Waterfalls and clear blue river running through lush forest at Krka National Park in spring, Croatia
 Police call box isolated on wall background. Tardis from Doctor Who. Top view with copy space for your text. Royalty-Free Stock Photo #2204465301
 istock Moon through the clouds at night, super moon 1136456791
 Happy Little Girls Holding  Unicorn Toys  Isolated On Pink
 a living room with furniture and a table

________________________

> [What you should do]
Retype each line above exactly as written.

> [Result of this exercise]
Waterfalls and clear blue river running through lush forest at Krka National Park in spring, Croatia
 Police call box isolated on wall background. Tardis from Doctor Who. Top view with copy space for your text. Royalty-Free Stock Photo #2204465301
 istock Moon through the clouds at night, super moon 1136456791
 Happy Little Girls Holding  Unicorn Toys  Isolated On Pink
 a living room with furniture and a table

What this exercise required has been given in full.